Q&A

Tom Steyer on his drive to impeach Trump, his Democratic critics and his motivations

Tom Steyer, the San Francisco billionaire leading a petition drive to impeach President Trump, spoke this week by telephone after an appearance at Stanford’s business school. The interview has been excerpted and edited for clarity and concision.

So how exactly is this supposed to work? You gather all these signatures and then what happens?

If we gather enough signatures and we give voice to enough Americans, then people have to listen to the will of the American people. And then people decide whether or not they’re with the American people.

I think if you went to the people in the Congress of the United States of America and asked whether this president was fit, you wouldn’t get a single Democrat who would say yes…. I don’t think there are a lot of Republicans who’d say yes. I think if you asked them is he a threat to the safety and health of the American people, they’d say he is.

So I think what we’re doing is giving the American people a voice on something that all of these people know is true that is, in fact, of grave importance to the American people and that for whatever political reason they don’t feel they can say.
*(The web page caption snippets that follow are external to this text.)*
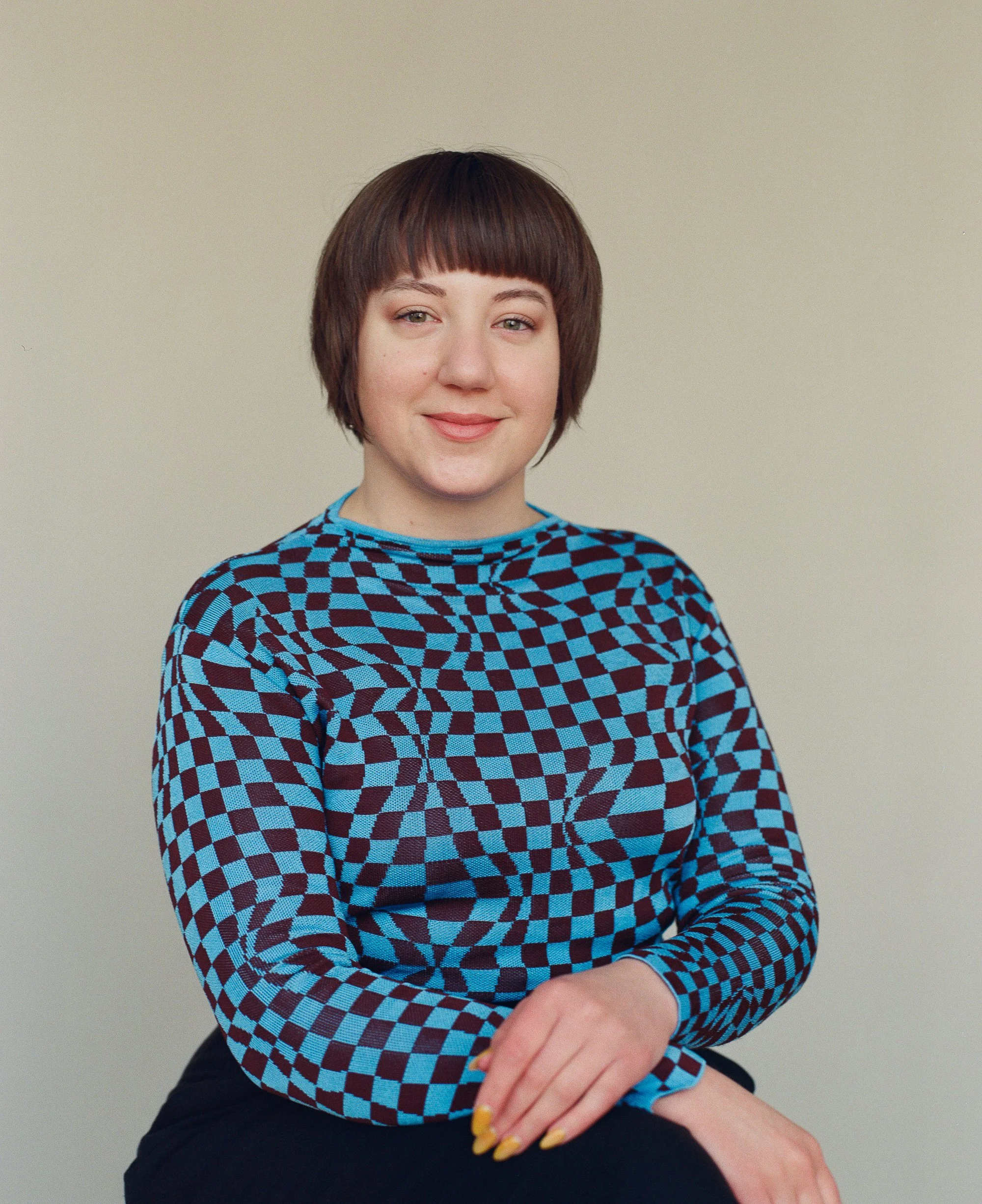 alexa_viscius_headshot_-110.jpg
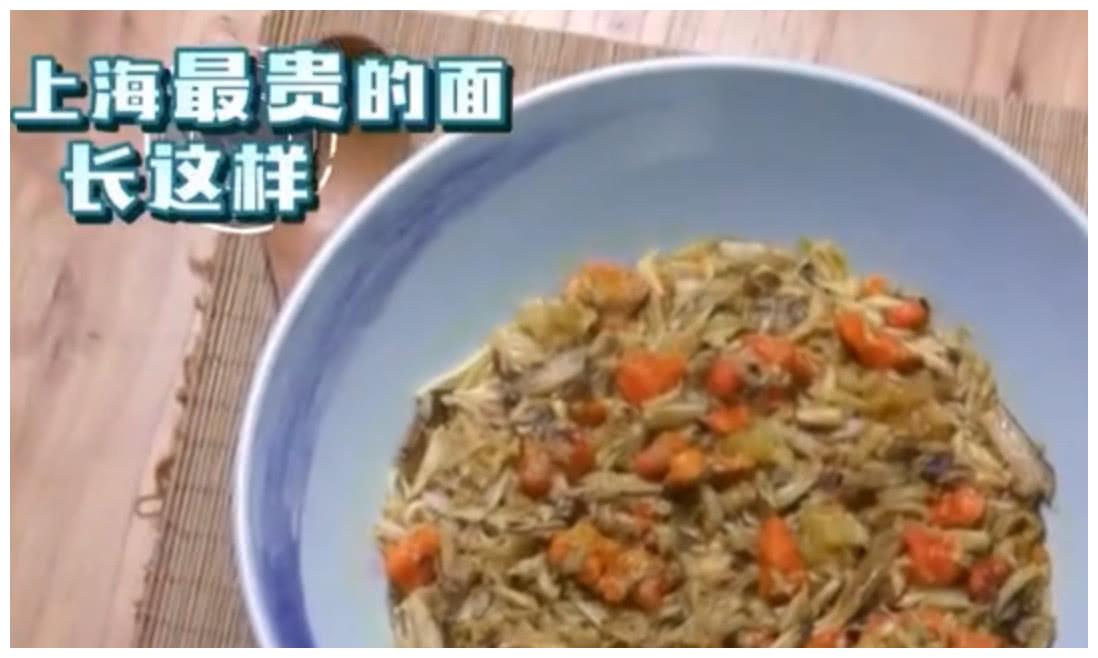 谢霆锋带着傅园慧去吃上海“最贵”的面,看到面后不心疼钱了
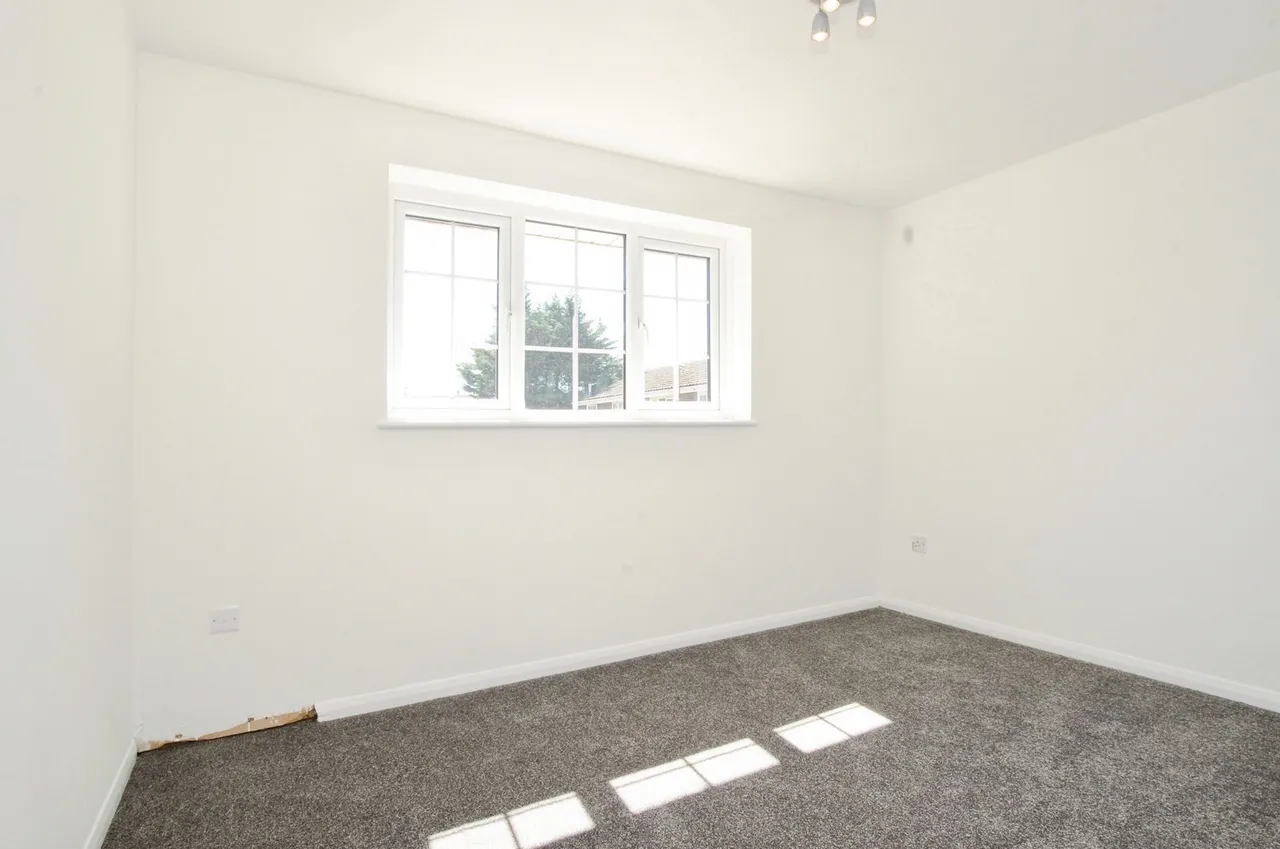 Lawford Close, Luton, Bedfordshire, LU1, photo 10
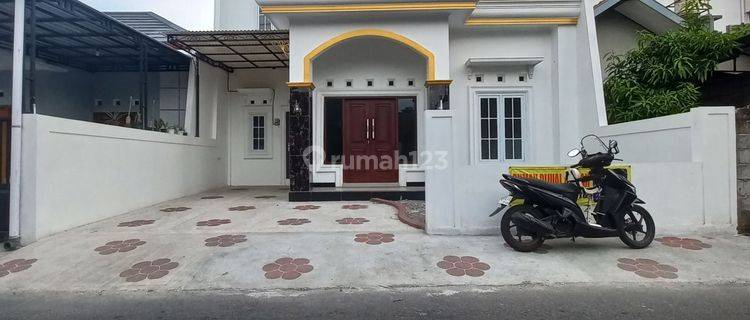 Dijual Rumah Murah Siap Huni Dua Lantai Dekat Kota Jogja  1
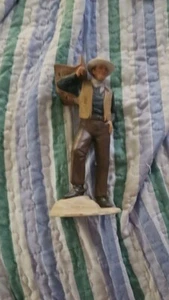 Avon 1985 John Wayne Dark Command Movie Porcelain Figurine - Picture 1 of 3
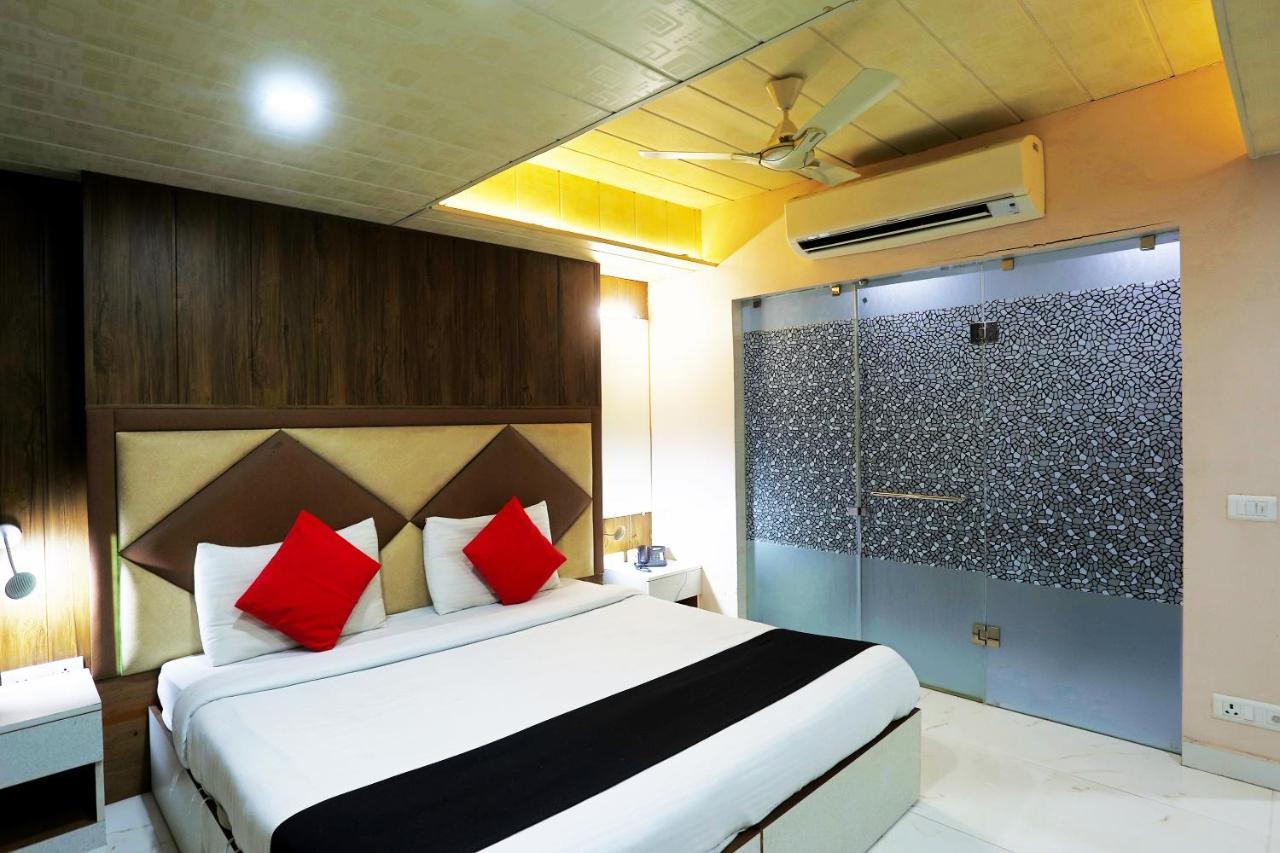 Capital O 23188 Glory Villa New Delhi Exteriör bild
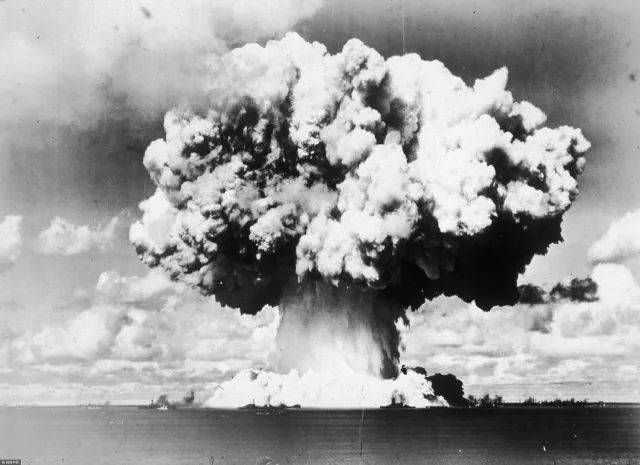 b29轰炸机飞到位于太平洋的一座名为比基尼的小岛上空,投下了一枚核弹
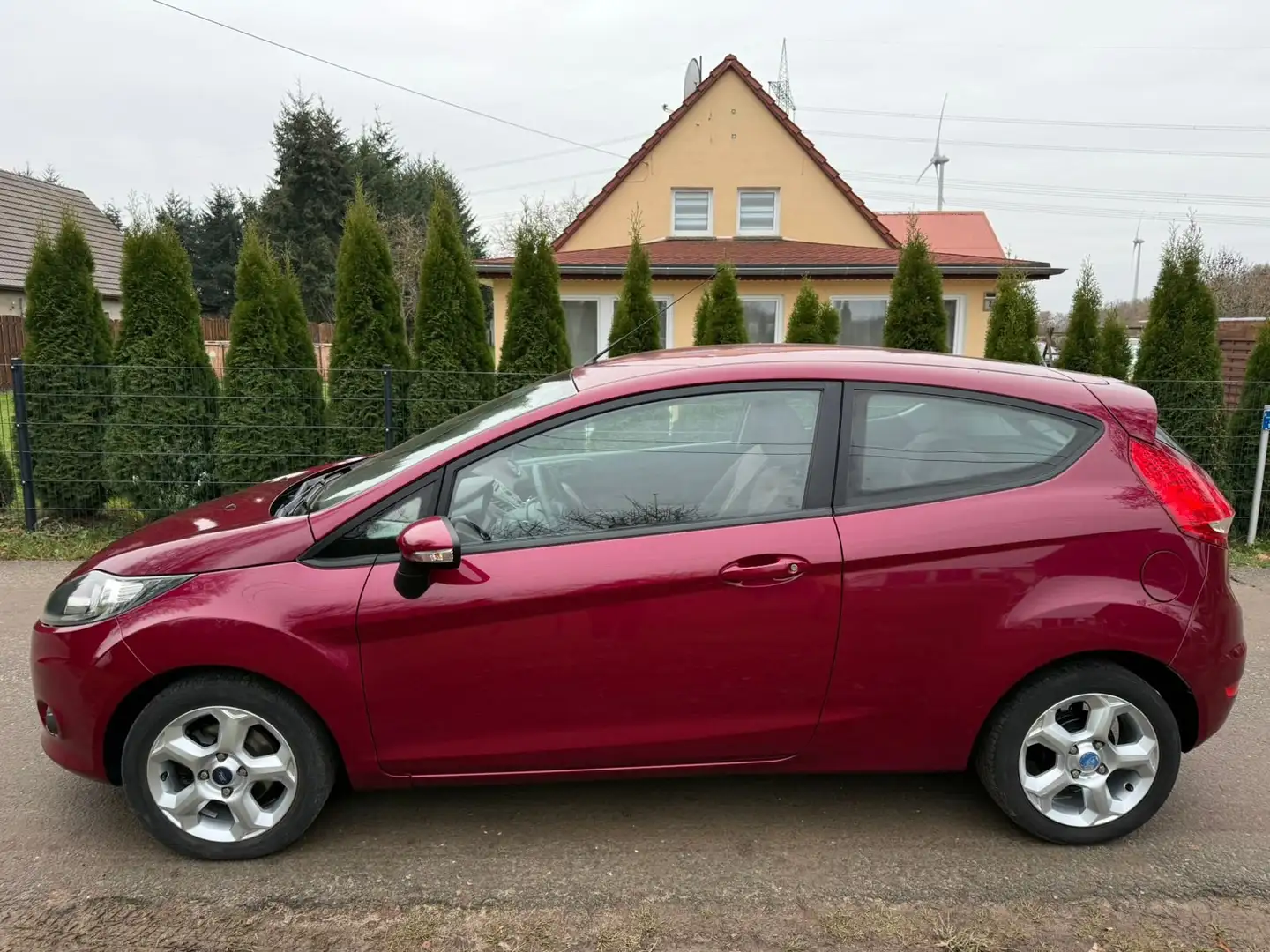 Ford Fiesta Trend Rot - 2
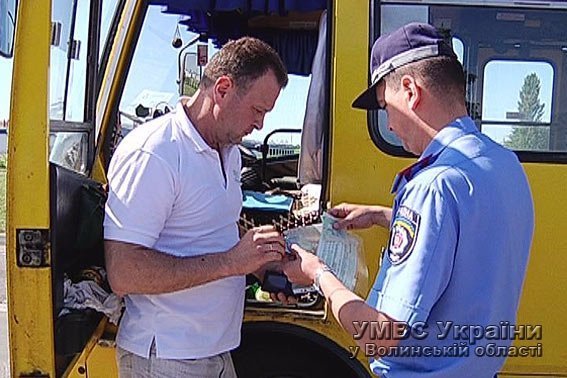 Луцькі маршрутники висаджують людей під світлофорами та їздять напідпитку, - ДАІ. ФОТО. ВІДЕО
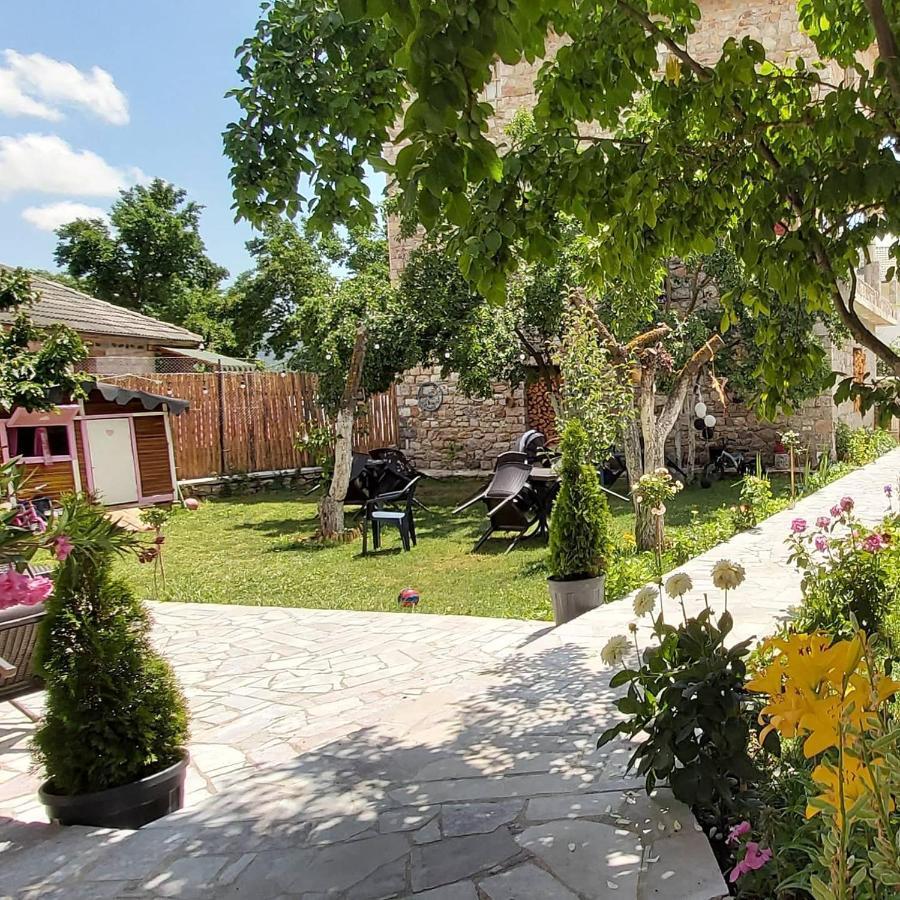 Hotel Bujtina Liana Voskopojë Exteriér fotografie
I don’t doubt there are a great many people in places like California who feel that way. But what about places like Alabama or Mississippi represented by Republican lawmakers?

If you go and poll — not just get signatures from but poll — Democrats and independents, you’ll see shockingly high numbers that agree with us…. But it turns out I did graduate from third grade and I did pass arithmetic… so I know that in order to get an impeachment to happen or a conviction [in the Senate] that of course we need to get Republican votes. So I think the fact of the matter is what we’re doing is we’re making the point about where the American people stand.

The facts are going to mount on the ground ’cause we actually do think this is an urgent matter. And there will be elections in 2018 where a lot of things will change. And in the meantime, we’re making the point about where Americans are.

Tom Steyer is leading a campaign to impeach Trump. Why does that annoy so many Democrats? »

When you think about doing two things, changing the conversation in America and giving voice to the American people, which are the two things we’re really trying to do … we think that people are going to have to react to the fact, react to the voice of the American people.

I want to ask about some of the criticisms, coming not just from Republicans, as you’d expect, but from some Democrats like David Axelrod who suggested this is “a vanity project.”

It doesn’t surprise me that the political establishment from Washington, D.C., can’t imagine the idea of the American people having an independent voice and therefore they can’t imagine that we could be better served than we’re already being served by our dysfunctional government in our national capital.

Before we ever started this process we knew for sure that the political insiders and the political establishment would absolutely hate the threat to their control and, lo and behold, it’s played out exactly as we would have supposed. Since when has an elite given up any of its power willingly?

Is this an effort in some way to lay the groundwork for a future run for office?

One of the things that is now true in American politics — it is reflected in that question — is there is no sense that people might try and do something for its own purpose…. People need to find the hidden agenda and the secret thing. No, actually the people in the United States are threatened and in danger because of this president.

We have the ability for the American people to raise their voice and change the conversation, and if I can be part of the process of putting us back on a prosperous and just path, I will consider that, in a selfish basis, to be something incredibly meaningful for me that I will very much enjoy and be proud of.

You know, throughout American history people have chosen to do the right thing ’cause they felt like it was important. It doesn’t have to be about … my resume.